The event, which was attended by 130 delegates (79 deaf and 51 hearing) representing 34 African countries agreed on the following declaration. “To inform all relevant role-players and stakeholders in the public and private sectors to join efforts to give effect to the theme;
Urges Governments that have not done so yet, to put laws and regulations in place to ensure that sign language takes its rightful place alongside other official languages in countries whose not officially recognize sign as an official language of the Deaf – especially in schools and other education and training settings;
To give equal access to Deaf people in schools and tertiary education; Governments to put in place criteria, rules and regulations to require that teachers of the Deaf are proficient in Sign Language before entering Deaf Education;
Governments to support Deaf people’s teachers to reach the required proficiency;
The Group also expresses concerns that Deaf Children of hearing parents are not exposed to Sign Language in early childhood and urges relevant Government Departments, NGOs and schools to put in place support programmes for parents to learn sign language soon after the birth of the Deaf Child.
The meeting was official declared open by His Excellence, the right Honorable Dr.

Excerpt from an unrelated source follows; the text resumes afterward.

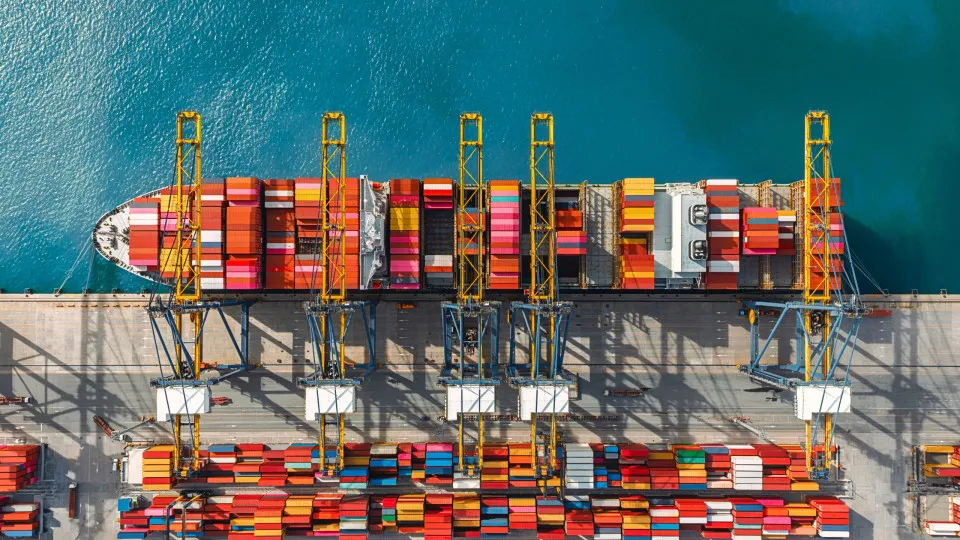 Exportações crescem 6,5% e importações 3,6% no 3.º trimestre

Barnabas Sibusiso Dlamini, Prime Minister of the Kingdom of Swaziland, who said h Government is commitments to improving the life of deaf people in Swaziland and is committed to ratify the UN CRPD after signing it in 2008.
“The Swazi Government had already employed two full time sign language interpreters at the office of the Deputy Prime Minister, which the social Welfare Department and Disability Unit is under and at the Mpaka High School for the Deaf and Siteki School for the Deaf,” he said.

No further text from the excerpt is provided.